Makineyi tamamen doldurunca veya tek parça kıyafeti makineye attığınızda ne kadar deterjan koyacağınızı bilemiyor olabilirsiniz. İşte tam bu noktada i-Dos Deterjan Tarama teknolojisi devreye giriyor. Siemens Home Connect üzerinden şişelerin barkodunu okutup su sertliği ve deterjan yoğunluğunu makineye iletiyor, i-Dos ise her yıkamada doğru miktarı otomatik olarak ayarlıyor. Üstelik Siemens Home Connect uygulaması, deterjan seviyesini takip ederek deterjanınız tükenmeden önce size haber veriyor. Tek yapmanız gereken uygulamayı telefonunuza yüklemek ve çamaşır makinenizi uygulamaya bağlamak. 

stainRemoval teknolojisi: Zorlu lekelerle inatlaşmayı unutun 

Çay, yağ, makyaj, çikolata lekeleri… Gün içinde fark etmeden üzerinize bulaşan lekeler artık kâbus olmaktan çıkıyor. Siemens iQ500 çamaşır makinesi ile stainRemoval teknolojisi devreye giriyor. Tek bir dokunuşla çay, yağ, kozmetik veya günlük hayatta karşılaştığınız diğer zor lekeler için özel programları aktif edebilirsiniz. 
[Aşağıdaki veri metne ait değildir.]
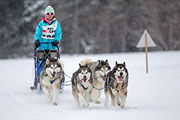 p-f.ch_130224_1314_2663_1D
Siemens Home Connect uygulaması sayesinde daha fazla leke türünü ve bunlar için geliştirilmiş özel programları keşfetmek de mümkün. Yani sadece “lekeyi çıkar” demekle kalmıyor, sizin için en doğru yıkama programını da otomatik olarak öneriyor. Böylece hem lekelerle uğraşmak zorunda kalmıyor hem de giysilerinizin ömrünü koruyorsunuz. 

Artık çocuğunuza yemek yedirirken dökülen yemek lekeleri, kahve kazaları ya da mutfakta sıçrayan yağ lekeleri sizi endişelendirmiyor. stainRemoval, günlük hayatın getirdiği küçük sürprizlere karşı en güvenilir yardımcınız oluyor. 

Siemens iQ500 çamaşır ve kurutma makineleri, artık sadece kıyafetlerinizi temizleyen makineler değil; size zaman, konfor ve güven veren akıllı iş ortaklarınızdır. Ütüye harcadığınız vakti kendinize ayırın, lekelerle uğraşmayı unutun ve teknolojinin yaşam alanınıza uyumunun keyfini yaşayın.

*Bu yazı Siemens’in katkılarıyla hazırlanmıştır.